La bozza del decreto di rinvio del voto regionale e comunale di primavera a dopo l’estate è pronta e circola liberamente nelle redazioni dei media, ma pare che il Consiglio dei Ministri convocato per questa sera non la esaminerà. Per lo meno in questo senso si è pronunciata la ministra Bellanova. Non ci siamo, speriamo che la politica non emuli il mondo del calcio, laddove Leghe, FIGC e UEFA hanno combinato un casino inenarrabile di decisioni, controdecisioni ed indecisioni. In tempi di buriana il nemico principale è l’incertezza. Guai a stare su una barca in tempesta col nocchiero che tarda a decidersi sul da farsi.
Vale per lo sport, vale per la salute pubblica e vale per la democrazia. La formalizzazione del rinvio del voto è una deliberazione inderogabile. Non tanto perché già da oggi si sappia che a fine maggio o a giugno saremo ancora nel pieno dell’epidemia, speriamo di no, ma perché già da oggi la fisiologia della dialettica democratica è alterata.
Una campagna elettorale contempla il lavorio di mesi per la formazione delle liste, incontri e confronti con la gente e tra le forze politiche, l’elaborazione collettiva dei programmi, strette di mano e abbracci con i supporter. È del tutto evidente che non ci sono le condizioni minime perché ciò si realizzi.
Per non dire dei politici affetti dal contagio che necessariamente non possono partecipare in prima persona alla contesa pre-elettorale. Prendiamo la Campania, dove è risultato positivo al coronavirus l’on. Edmondo Cirielli, leader regionale di FdI. È ovvio che lui, in quarantena, non possa partecipare alla campagna elettorale. Ed insieme a lui i collaboratori, i consiglieri regionali e comunali, sindaci ed assessori, dirigenti di partito con i quali si è incontrato durante i giorni dell’incubazione del morbo. Costoro peraltro avranno a loro volta incontrato colleghi anche di altre formazioni politiche. Si può condurre una campagna elettorale con interi pezzi della classe politica a domicilio coatto?
E c’è un motivo ulteriore, ancora più stringente. Questi nostri sono giorni in cui chi governa deve necessariamente assumere decisioni dolorose, spesso impopolari e di difficile comprensione da parte di tanti cittadini, che sono pure elettori. Winston Churchill, sotto i bombardamenti, prese le decisioni giuste al momento giusto. Grazie ad esse condusse l’Inghilterra alla vittoria e … perse le elezioni. Quale politico farà scelte impopolari alla vigilia del voto?
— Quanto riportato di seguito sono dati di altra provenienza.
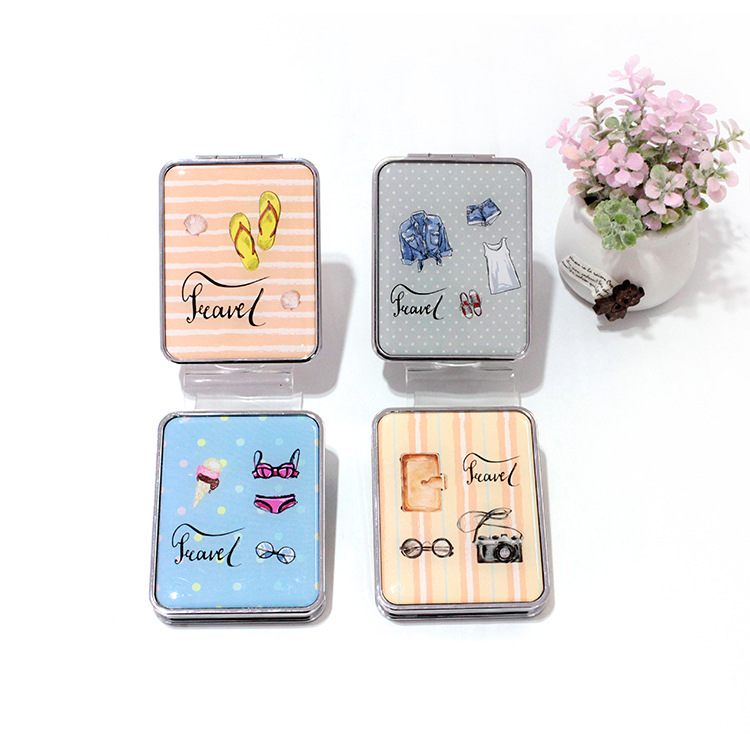 Moda pequeño fresco pequeño espejo creativo moda lindo Flip princesa espejo de maquillaje regalo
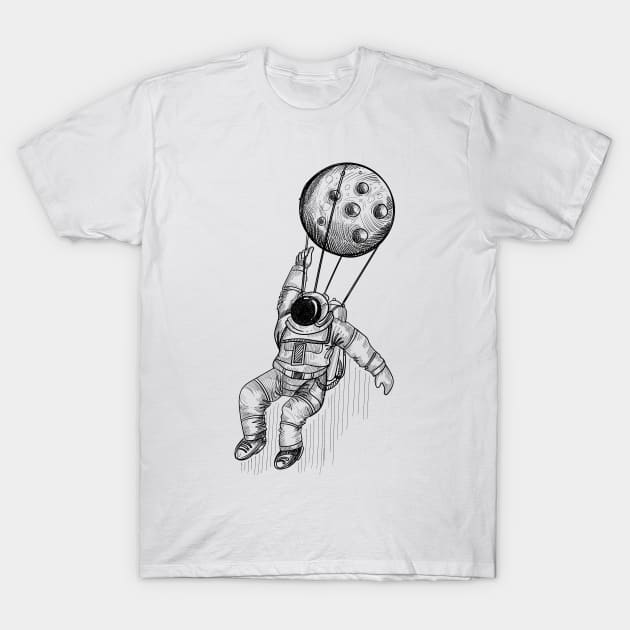 Astronaut landing With Moon T-Shirt by Mako Design 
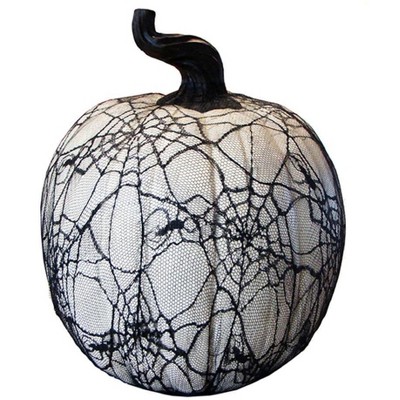 Allstate Floral 15" Black and White Spooky Spider Web Lace Halloween Pumpkin Table Top Decoration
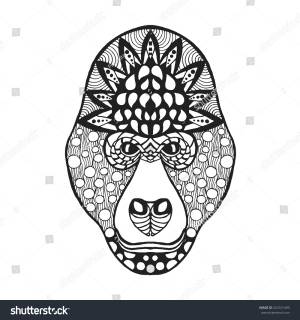 Gorilla Head Adult Antistress Coloring Page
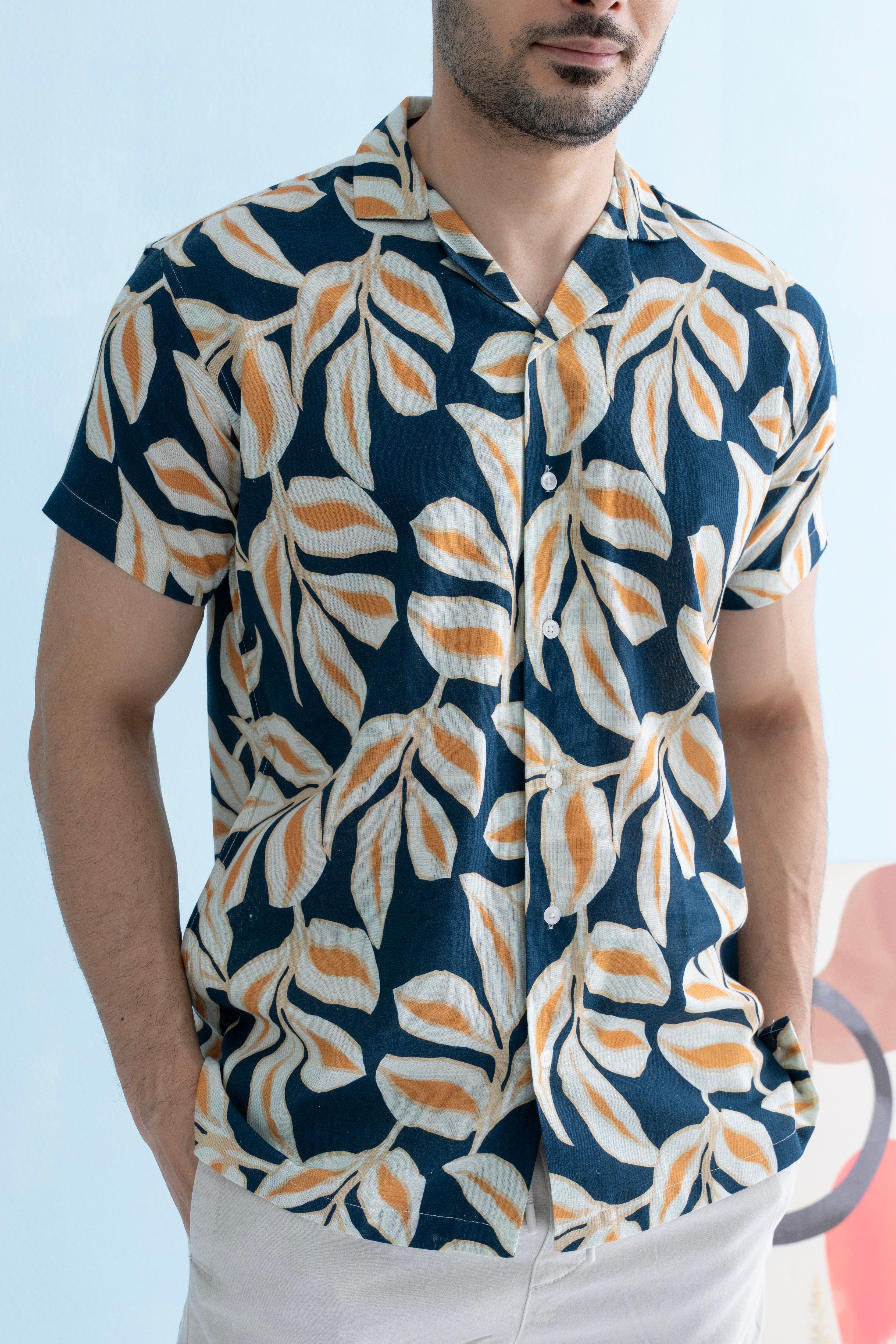 Coastline Hemp Cuban Shirt in Sunset Navy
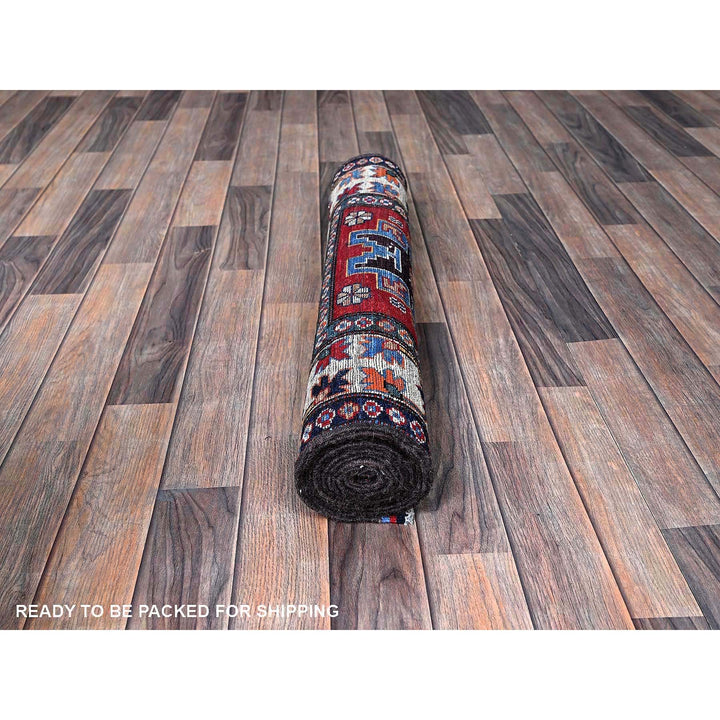 2'10" x 9'8" New Hand Knotted Red Wool Runner Oriental Rug - MOA102618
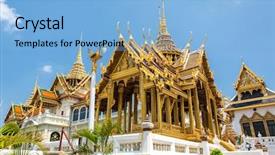  Presentation with bangkok - Presentation design enhanced with thai king royal - grand palace in bangkok thailand background and a  colored foreground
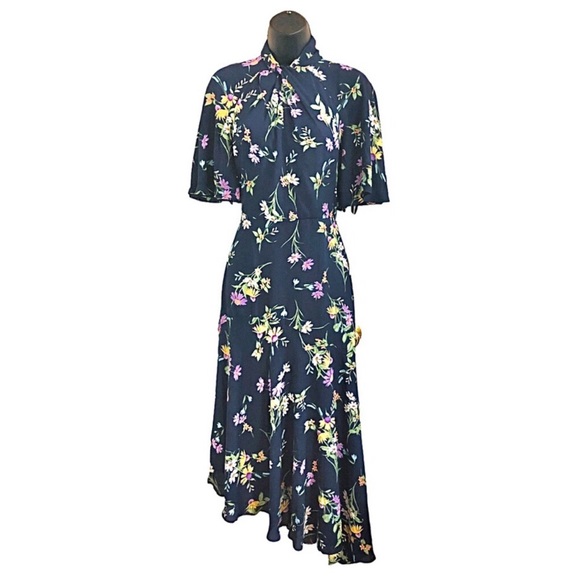 Maggy London Floral midi Dress sz 6 & brown shirred front lurex dress sz large - Picture 11 of 14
Nella guerra attuale contro il coronavirus non si rischia di indurre i decisori a misure incerte, contraddittorie ed infelici?
Coraggio, non si perda tempo e si decreti ad horas il rinvio delle elezioni di primavera. Si mettano quanti hanno il pesante onere delle decisioni nelle condizioni di farlo con serenità e con l’unico obiettivo della salute pubblica. L’altro obiettivo, quello della vittoria nelle urne può aspettare. E magari, tra settembre ed ottobre, a bocce sanitarie ferme, noi elettori avremo anche la corretta contezza di come ha operato chi oggi ci guida e di chi possa farlo al meglio nell’immediato futuro.